Soundarya Pradhan

Personal information
- Born: December 13, 1999 (age 26) Odisha, India

Chess career
- Country: India
- Peak rating: 1924 (March 2024)

= Soundarya Pradhan =

Indian para chess player

Soundarya Kumar Pradhan (born 13 December 1999) is an Indian para chess player from Odisha. The visually challenged chess player was selected for the Indian team that took part in the 2022 Hangzhou Asian Para Games. He won the Men's Team Rapid VI-B1 gold medal on 28 October 2023 along with Darpan Inani and Ashwin Makwana. He also won a silver medal in the individual event.

== Early life and education ==
Pradhan was born in Boden, Nuapada district, Odisha. He is born to Rabi Ranjan Pradhan and Jayanthi Pradhan. After his schooling at the Boden Government High School, he studied at the Biju Patnaik College, where his father works as a lecturer. Currently, he is studying B.Tech. in computer science at the National Institute of Technology (NIT), Jamshedpur. He has Leber Congenital Amaurosis (LCA), a rare inherited eye disorder, from birth. He also teaches online chess to students in USA and is a coach at the Lucknow-based Chess Club Black and White (CCBW).
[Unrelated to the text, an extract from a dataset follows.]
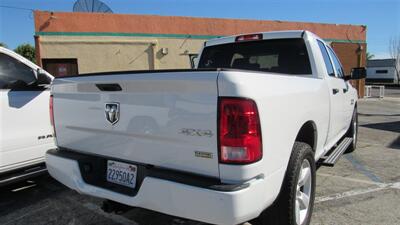 2015 RAM 1500 Express - Photo 9 - Downey, CA 90241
He was felicitated by the chief minister of Odisha Naveen Patnaik with a cash award of Rs.1.5 crore. His brother Prachurya is also a visually challenged chess player. He learnt his basics from his uncle Keshranjan, a former National B chess player.

== Career ==
Pradhan was also part of the Indian team that won silver medal in the Men's Rapid Team Chess in the 2018 Asian Para Games held in Jakarta. In April 2022, he won the National Chess Championship for the visually challenged and made it to the Indian team for the World Team Championship. He won a gold at the 9th IBCA World Team Chess Championship for the Blind and Visually Impaired 2022 held at Ohrid, Macedonia in June 2022. In one of his first tournaments at the Junior National Chess Championship for Blind in January 2012 at Mumbai, he finished at the best under-13 player. In the 16th AICFB National Chess Championship for Visually Challenged in March 2023, he finished third.